Lines from the one containing "Business development app interface template Business" through the last line of the records below are to be repeated exactly.

BEGIN Source material

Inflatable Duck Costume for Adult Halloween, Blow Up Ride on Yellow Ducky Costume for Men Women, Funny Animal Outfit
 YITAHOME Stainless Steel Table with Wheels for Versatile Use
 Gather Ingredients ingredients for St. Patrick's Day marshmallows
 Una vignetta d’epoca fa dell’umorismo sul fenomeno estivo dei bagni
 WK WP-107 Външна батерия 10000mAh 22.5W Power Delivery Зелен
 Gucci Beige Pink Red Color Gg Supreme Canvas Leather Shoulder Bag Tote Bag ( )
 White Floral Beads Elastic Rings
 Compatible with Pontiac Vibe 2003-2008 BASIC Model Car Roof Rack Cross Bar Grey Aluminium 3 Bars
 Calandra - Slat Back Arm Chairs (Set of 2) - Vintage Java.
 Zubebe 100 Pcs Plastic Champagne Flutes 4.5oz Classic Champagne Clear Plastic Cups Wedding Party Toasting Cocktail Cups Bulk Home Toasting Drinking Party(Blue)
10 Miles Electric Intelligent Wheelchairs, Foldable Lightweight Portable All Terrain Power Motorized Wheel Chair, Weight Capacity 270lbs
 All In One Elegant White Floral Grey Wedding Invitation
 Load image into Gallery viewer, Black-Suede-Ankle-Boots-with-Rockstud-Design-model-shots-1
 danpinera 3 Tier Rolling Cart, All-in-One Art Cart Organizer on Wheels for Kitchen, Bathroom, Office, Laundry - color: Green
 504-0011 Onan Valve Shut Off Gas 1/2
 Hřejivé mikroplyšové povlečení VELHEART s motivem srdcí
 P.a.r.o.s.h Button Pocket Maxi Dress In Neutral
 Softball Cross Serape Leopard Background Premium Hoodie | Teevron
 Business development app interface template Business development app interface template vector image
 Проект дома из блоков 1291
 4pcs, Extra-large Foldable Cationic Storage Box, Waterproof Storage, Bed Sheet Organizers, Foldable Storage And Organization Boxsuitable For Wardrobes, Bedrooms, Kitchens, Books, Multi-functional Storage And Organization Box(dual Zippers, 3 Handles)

END Source material

Result
 Business development app interface template Business development app interface template vector image
 Проект дома из блоков 1291
 4pcs, Extra-large Foldable Cationic Storage Box, Waterproof Storage, Bed Sheet Organizers, Foldable Storage And Organization Boxsuitable For Wardrobes, Bedrooms, Kitchens, Books, Multi-functional Storage And Organization Box(dual Zippers, 3 Handles)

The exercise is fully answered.